A Health Care Literacy Syllabus
- Recognizing the need to close the communication gap, the American Medical Association Foundation has created Health Care Literacy Kits, including tutorial videos designed to help physicians, patients and caregivers understand how improvements in understanding can lead to better health outcomes. "Health Literacy and Patient Safety," for example, features actual encounters in which patients explain their challenges and frustrations to doctors.
- A crucial juncture for any caregiver is the moment a loved one is discharged from the hospital, whether back to his home or to a rehabilitation or long-term care facility. Crucial details about follow-up treatments, appointments and medication instructions can be lost amid the hurry, chaos and stress. Next Step in Care, launched by the United Hospital Fund in collaboration with 45 other health care groups, offers checklists for discharge, scripts with questions to ask hospitalists and other physicians, definitions of key terms and instructional videos.
- The national pharmacy chain Walgreen's has created an educational campaign focused on prescription costs. You're Worth Savings is the company's response to a survey finding that fully half of the 31.5 million Americans enrolled in Medicare Part D prescription drug plans were skipping doses or postponing refills because they were unaware they were entitled to cost-saving benefits. "The local pharmacist can become an essential part of your caregiving team," says spokesperson Joan Lunden, who cares for her 94-year-old mother.
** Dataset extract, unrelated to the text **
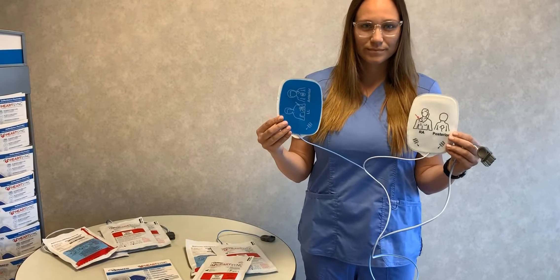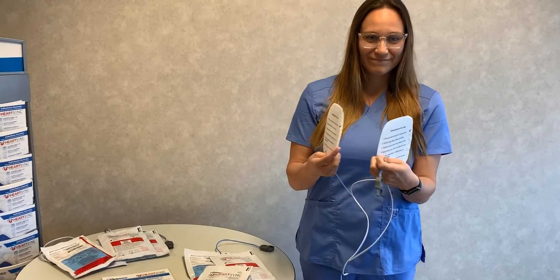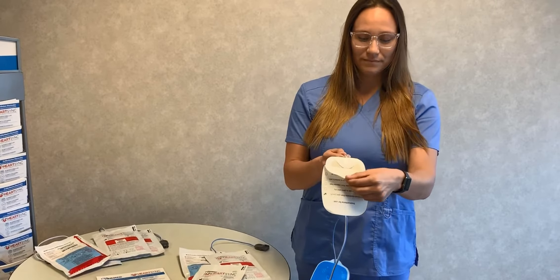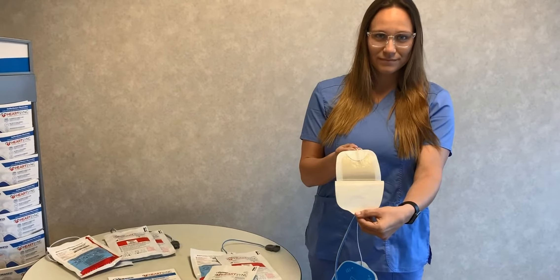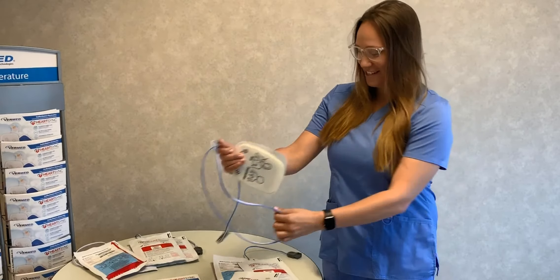The pads are color-coded to denote position and placement on the patient, as well as additional instructions for use on the liners. As we peel away the liner, you'll see that HeartSync comes with a large conductive area, and also our advanced hydrogel technology. Note that the pads are opaque, which should reduce slip and fall accidents at the scene.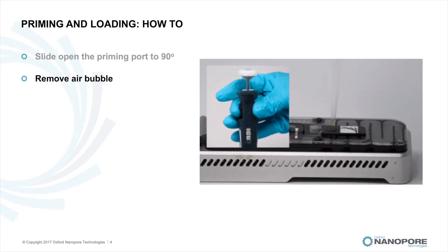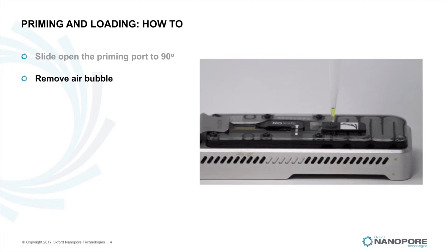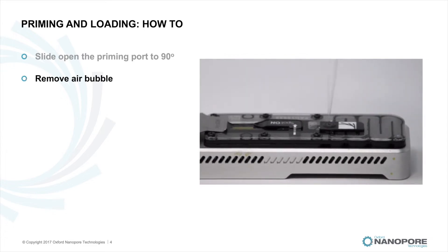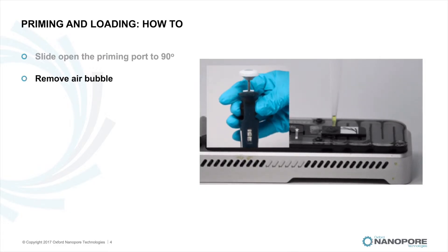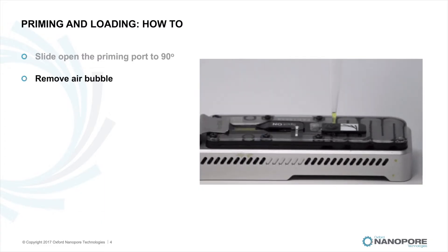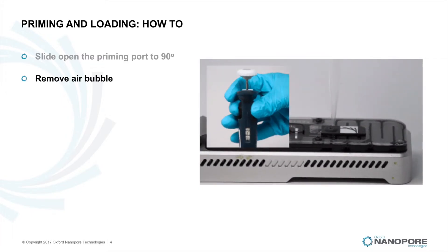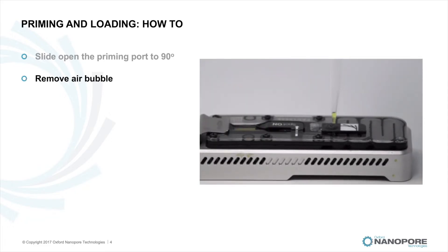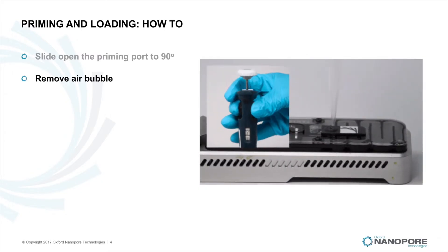Check for a small bubble under the priming port cover and draw back a small volume to remove any bubble. This is done by setting a P1000 pipette to 500 microlitres and inserting the tip into the priming port. Turn the thumb wheel anti-clockwise until the dial shows 520 to 530 microlitres, or until you can see a small volume of storage buffer in yellow entering the pipette tip. Visually check that there is continuous buffer from the priming port across the sensor array.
The program urges caregivers to ask pharmacists for a "plan review" and help comparing costs and efficiencies of brand-name and generic drugs.
As you work to master health care literacy and gain the knowledge you'll need to ease your caregiving journey, make sure you're able to answer all of the following questions:
- Can you define insurance terms, like deductible, premium, co-insurance and co-pay? (Four out of 10 Americans cannot, according to a survey by Kelton Research. You can find the answers from the California Department of Insurance.)
- Can you define Medicare terms, like Original Medicare, Medicare Supplement, Medi-Gap and Part D Plan? (Find the answers at Medicare.gov.)
- Do you know the difference between an EMR (electronic medical record), an EPR (electronic patient record) and an EHR (electronic health record) – and do you have EHRs for yourself and your family? (Find answers and tips at the federal health technology site, HealthIT.gov.)
- Can you read and interpret the nutritional labels on food packages to help manage your care recipient's diet? (If not, see this guide from the American Heart Association.)
- What are the three questions you should always ask of any treating physician? (According to the National Patient Safety Foundation's Ask Me 3 Program, the questions are: What is the main problem? What does the patient need to do? Why is it important for the patient to do this?)
- Do you ask about side effects, dosage instructions and potentially harmful drug interactions every time a doctor prescribes a medication? Do you know what it really means to take medication on "an empty stomach"? (See an answer from Britain's National Health Service.)